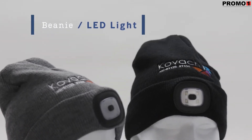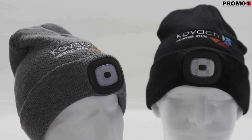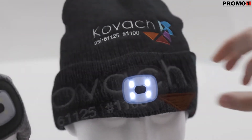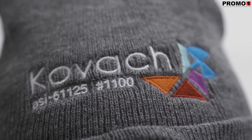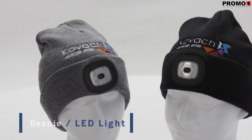The Beanie with LED Light is a great product to help your customers see more clearly. This one-size-fits-all beanie features four bright white LED lights and three different light settings with a push button on/off switch. Available in either black or gray, your brand will stand out front and center with our Beanie with LED Light.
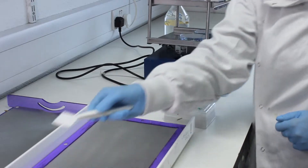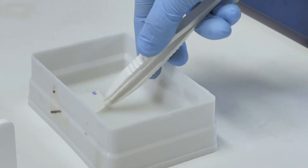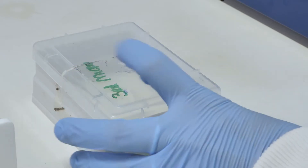The membrane is added to a clean sandwich box containing blocking solution and incubated for at least one hour at room temperature with gentle rocking.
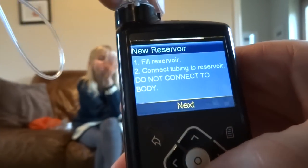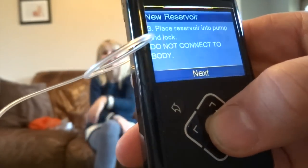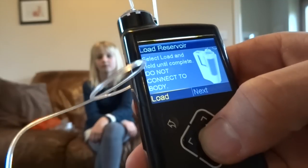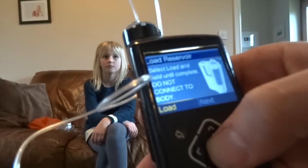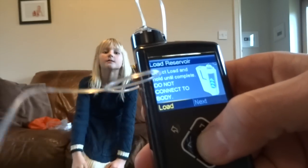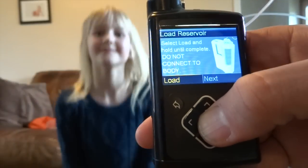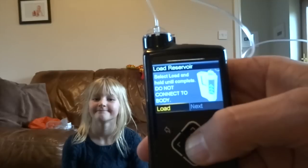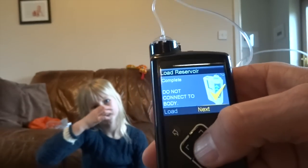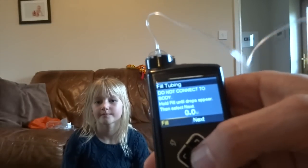Fill reservoir, which we've done. Connect tubing to reservoir — do not connect to the body, which we haven't done. Place reservoir into the pump, which we've just done. Click Next. Select Load and hold until complete — do not connect to the body. The plunger's now going up to the level where the insulin was. Load Reservoir — do not connect to the body. Next. Fill Tubing — do not connect to the body. Keeps telling me don't connect to the body. I'm getting the hint. So we click on Fill.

**Exercise details:** Give the listing above again in its entirety, exactly as written and free of images.

**Finished exercise:**
The Beanie with LED Light is a great product to help your customers see more clearly. This one-size-fits-all beanie features four bright white LED lights and three different light settings with a push button on/off switch. Available in either black or gray, your brand will stand out front and center with our Beanie with LED Light.
The membrane is added to a clean sandwich box containing blocking solution and incubated for at least one hour at room temperature with gentle rocking.
Fill reservoir, which we've done. Connect tubing to reservoir — do not connect to the body, which we haven't done. Place reservoir into the pump, which we've just done. Click Next. Select Load and hold until complete — do not connect to the body. The plunger's now going up to the level where the insulin was. Load Reservoir — do not connect to the body. Next. Fill Tubing — do not connect to the body. Keeps telling me don't connect to the body. I'm getting the hint. So we click on Fill.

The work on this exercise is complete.